* Problem to work on
Word for word, restate the listing; omit the pictures.
** Data shown follows **
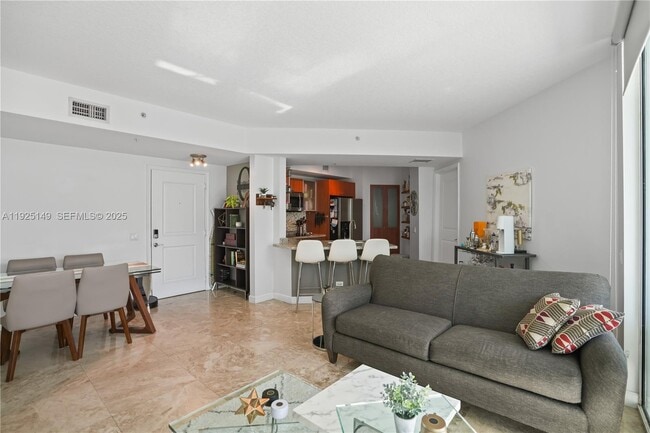 Building Photo - 480 NE 30th St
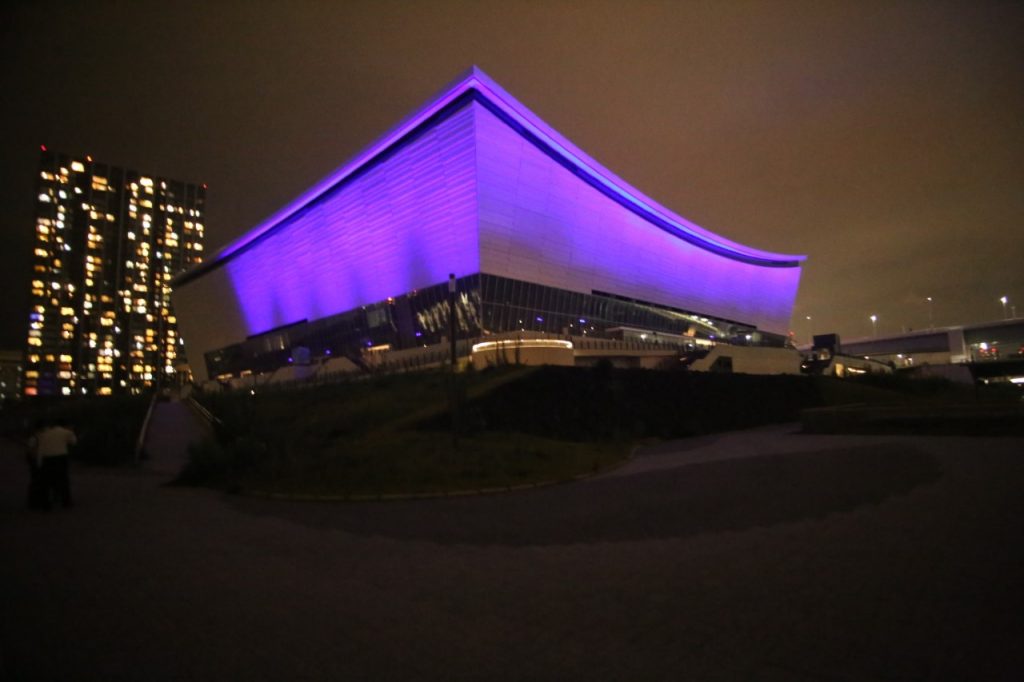 The Ariake Arena, a site facing Tokyo Bay, was illuminated to pay tribute to medical service workers fighting against COVID-19, as well as to cheer on and support athletes preparing for the Games. (Photos by Arab News Japan)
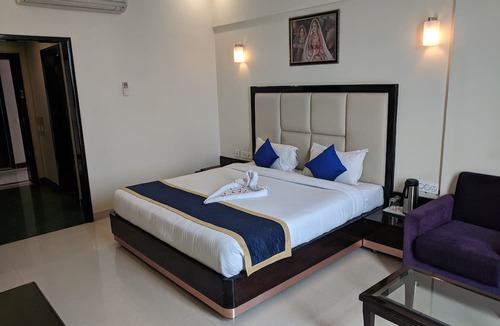 Air Force Area Hotel | Chandra Imperial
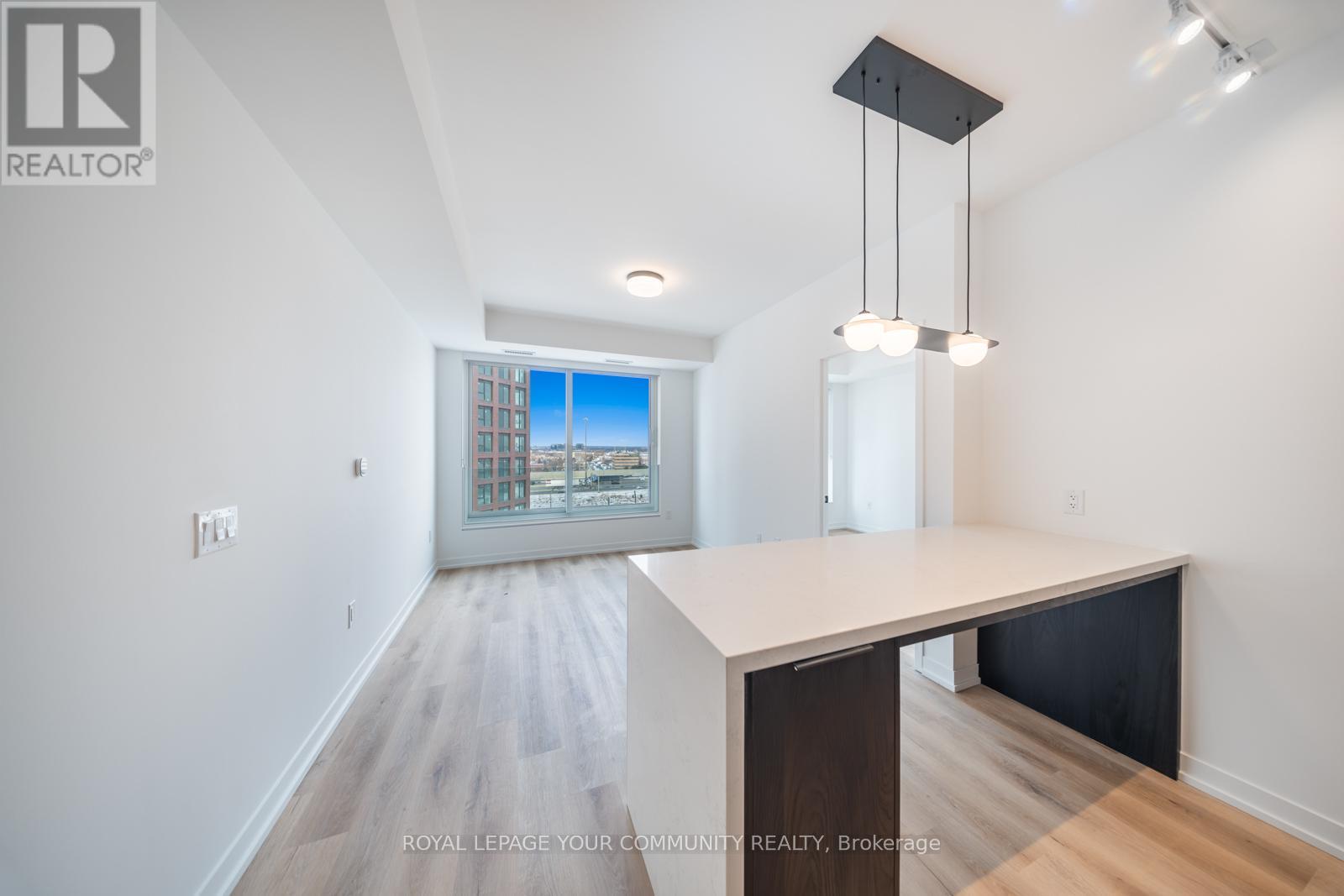 Photo 5 of 711 5 York Garden Way, Toronto ON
** End of Data shown **
* Exercise solution
 Building Photo - 480 NE 30th St
 The Ariake Arena, a site facing Tokyo Bay, was illuminated to pay tribute to medical service workers fighting against COVID-19, as well as to cheer on and support athletes preparing for the Games. (Photos by Arab News Japan)
 Air Force Area Hotel | Chandra Imperial
 Photo 5 of 711 5 York Garden Way, Toronto ON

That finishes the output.